[Work order]: Write out each record exactly and skip every image.

◇ ◇ ◇ ◇ ◇

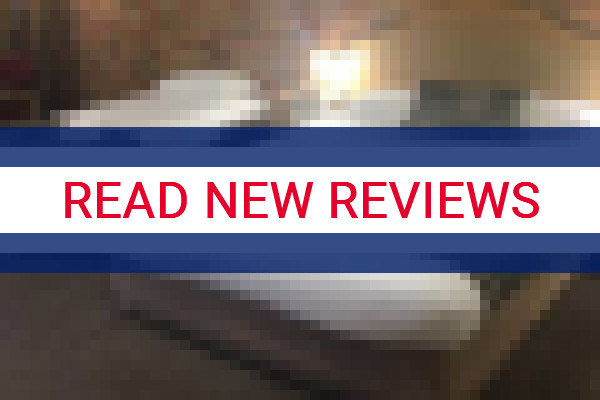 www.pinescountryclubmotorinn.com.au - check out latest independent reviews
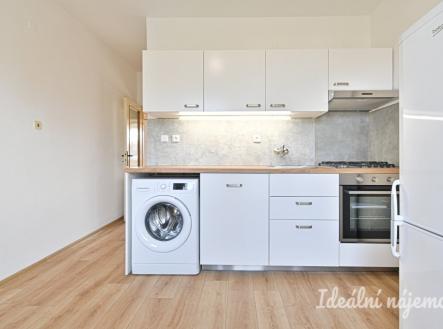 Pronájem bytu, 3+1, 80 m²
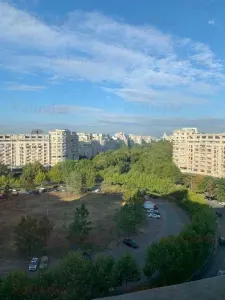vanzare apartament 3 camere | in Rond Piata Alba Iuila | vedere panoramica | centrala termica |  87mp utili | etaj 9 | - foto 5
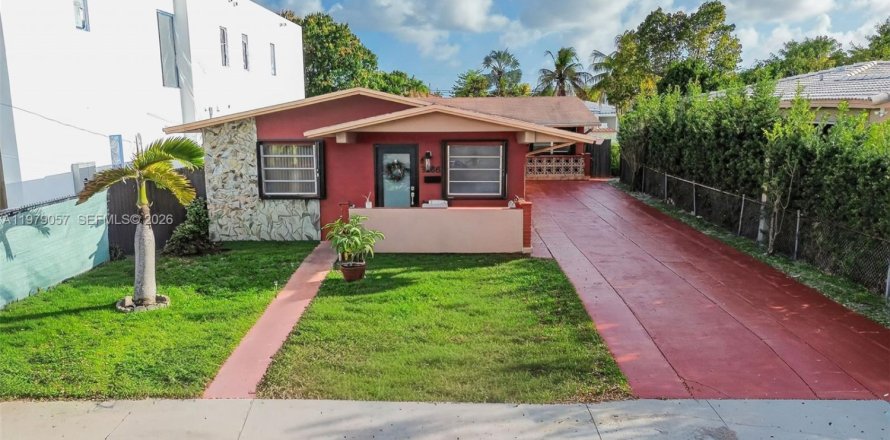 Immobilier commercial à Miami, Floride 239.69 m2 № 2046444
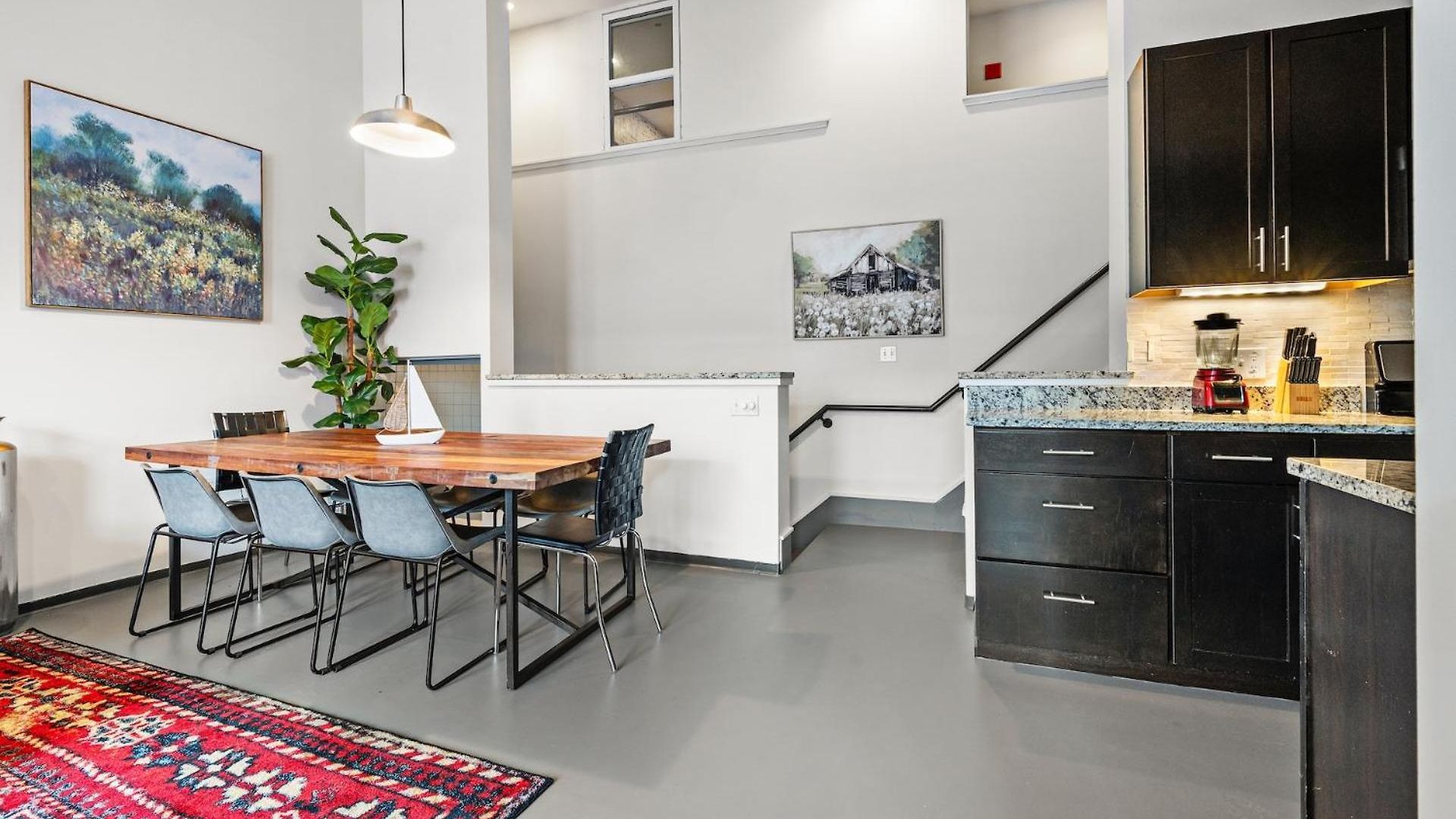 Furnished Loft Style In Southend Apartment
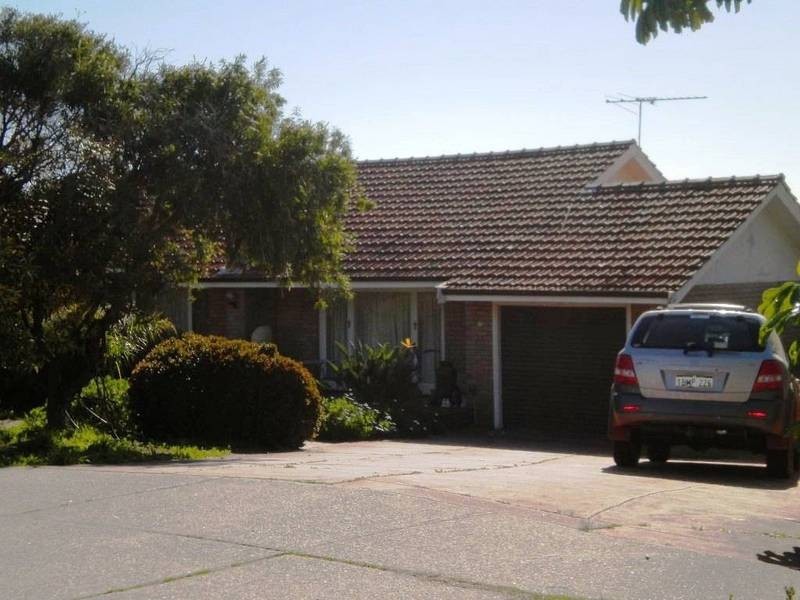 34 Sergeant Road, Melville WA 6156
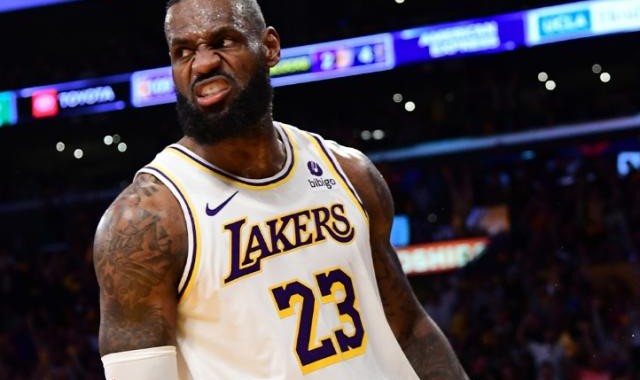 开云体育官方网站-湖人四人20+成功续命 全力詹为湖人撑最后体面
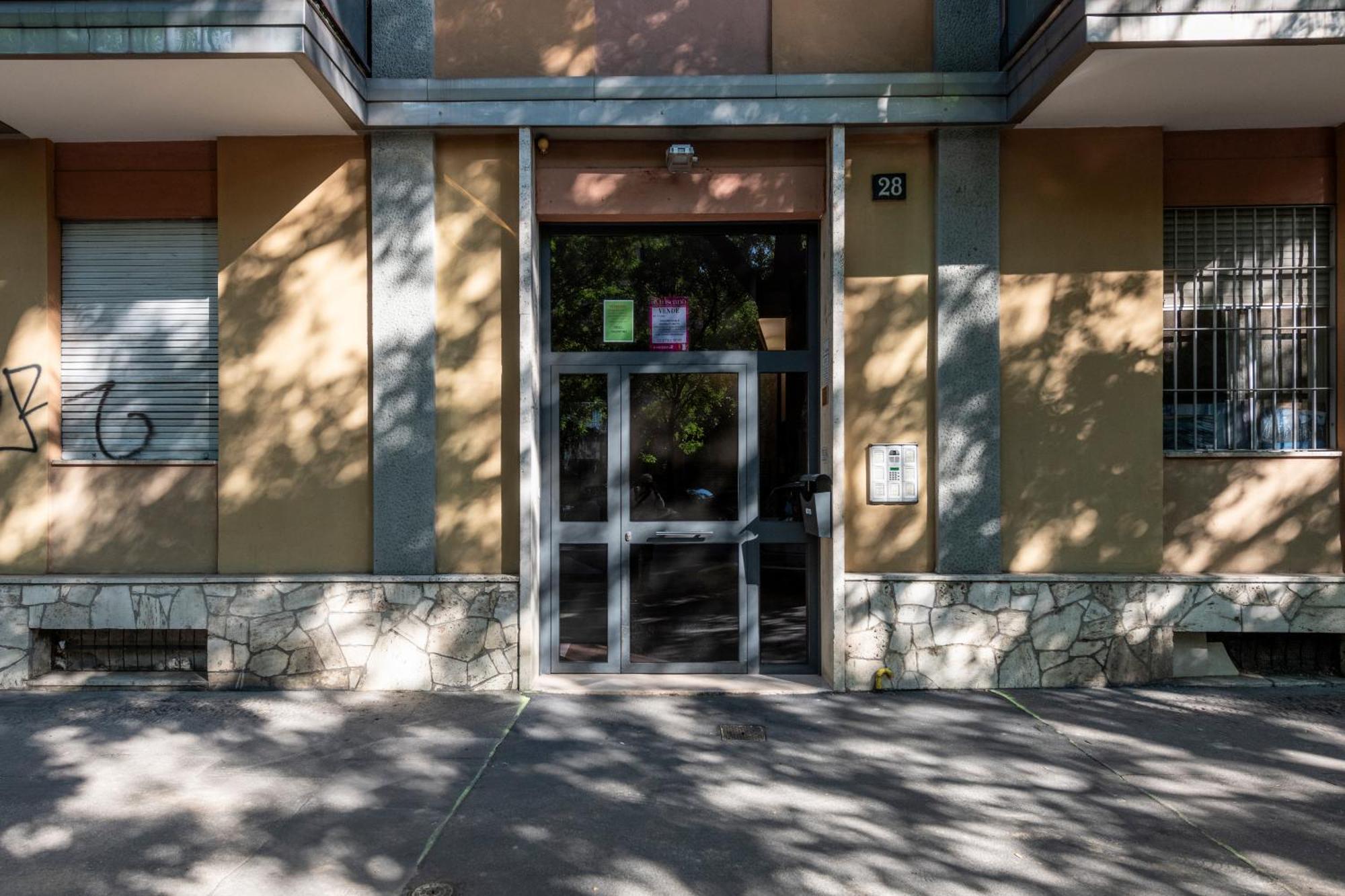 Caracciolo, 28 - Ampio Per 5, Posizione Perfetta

◇ ◇ ◇ ◇ ◇

[Task output]:
 www.pinescountryclubmotorinn.com.au - check out latest independent reviews
 Pronájem bytu, 3+1, 80 m²
vanzare apartament 3 camere | in Rond Piata Alba Iuila | vedere panoramica | centrala termica |  87mp utili | etaj 9 | - foto 5
 Immobilier commercial à Miami, Floride 239.69 m2 № 2046444
 Furnished Loft Style In Southend Apartment
 34 Sergeant Road, Melville WA 6156
 开云体育官方网站-湖人四人20+成功续命 全力詹为湖人撑最后体面
 Caracciolo, 28 - Ampio Per 5, Posizione Perfetta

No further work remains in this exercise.